-- THE PROBLEM --
For this exercise, restate word for word only the lines from the one containing "VE2ZTT ANTENNES DISCONE" through the last line below. Pictures do not get copied.

[Opening AVAILABLE DATA section]

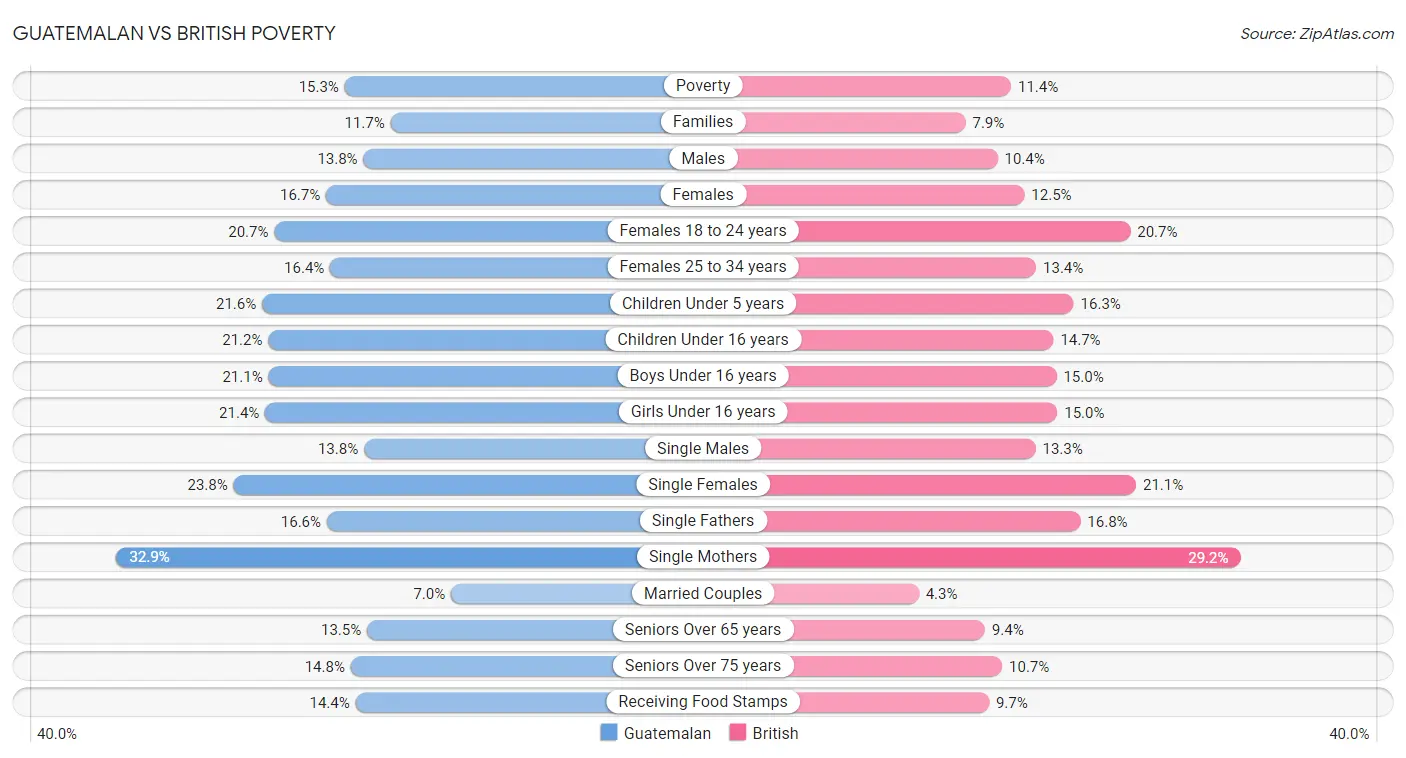 Guatemalan vs British Poverty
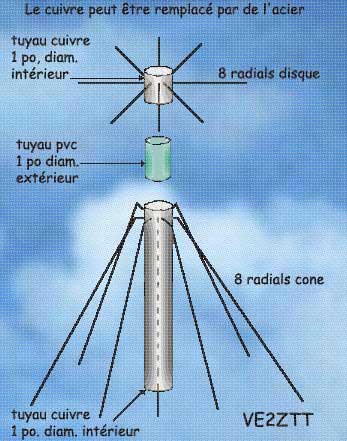 VE2ZTT ANTENNES DISCONE SWL ECOUTEURS FILAIRE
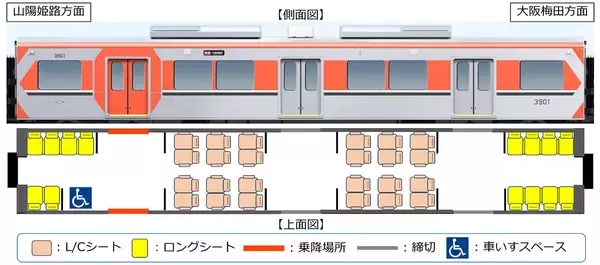 「新型急行用車両3000系に導入する当社初の座席指定サービス名称を「らくやんシート」に決定！大阪梅田駅～山陽姫路駅間でサービスを提供！」の画像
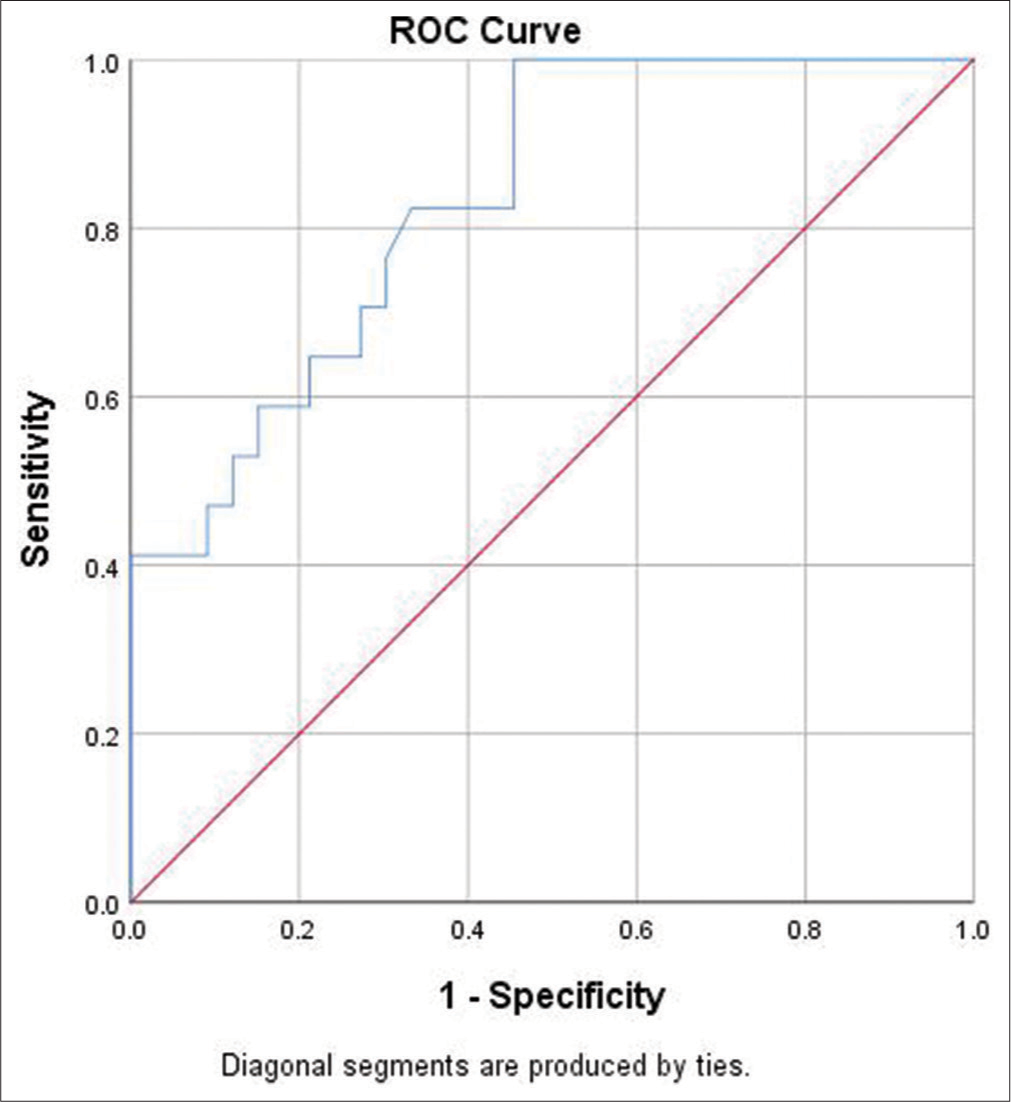 Receiver operating curve (ROC) of neutrophil-tolymphocyte ratio.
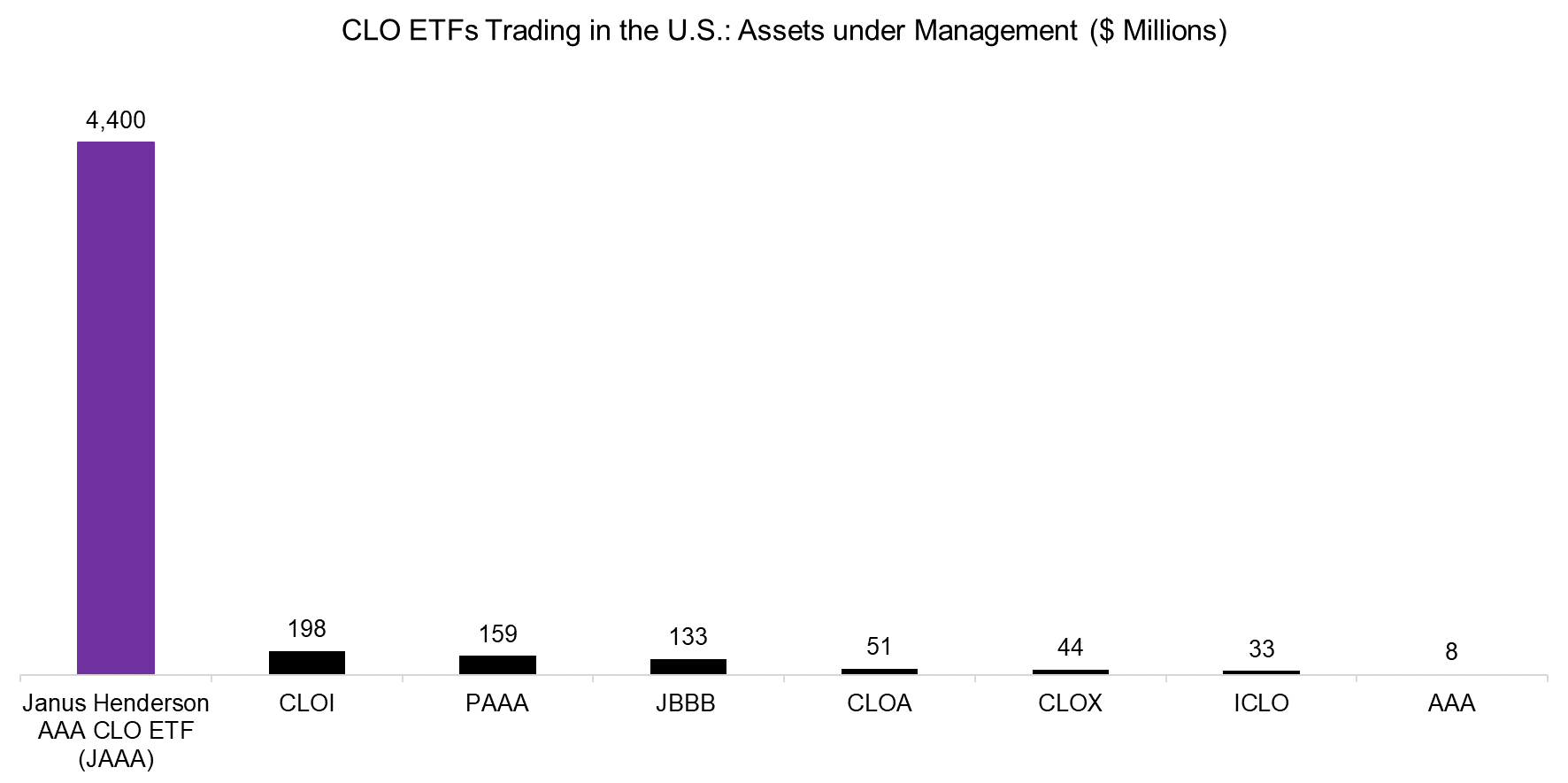 CLO ETFs Trading in the U.S. Assets under Management ($ Millions)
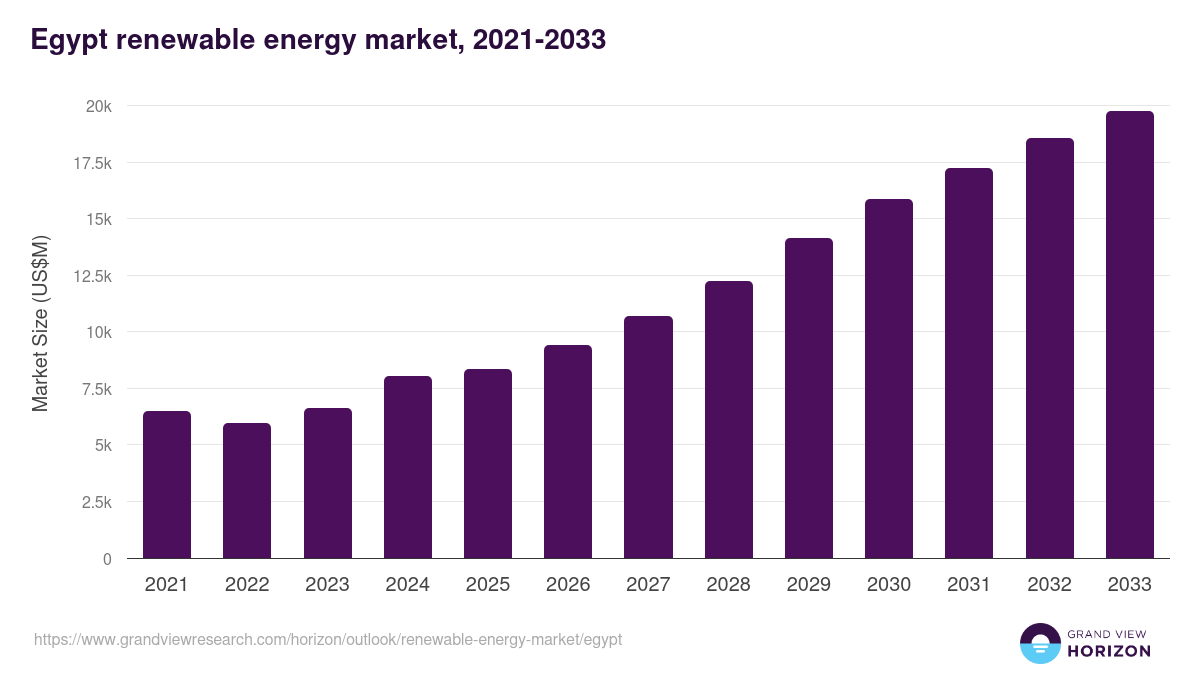 Egypt renewable energy market, 2021-2033 (US$B)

[Closing AVAILABLE DATA section]

-- SOLUTION FOR THIS TASK --
 VE2ZTT ANTENNES DISCONE SWL ECOUTEURS FILAIRE
 「新型急行用車両3000系に導入する当社初の座席指定サービス名称を「らくやんシート」に決定！大阪梅田駅～山陽姫路駅間でサービスを提供！」の画像
 Receiver operating curve (ROC) of neutrophil-tolymphocyte ratio.
 CLO ETFs Trading in the U.S. Assets under Management ($ Millions)
 Egypt renewable energy market, 2021-2033 (US$B)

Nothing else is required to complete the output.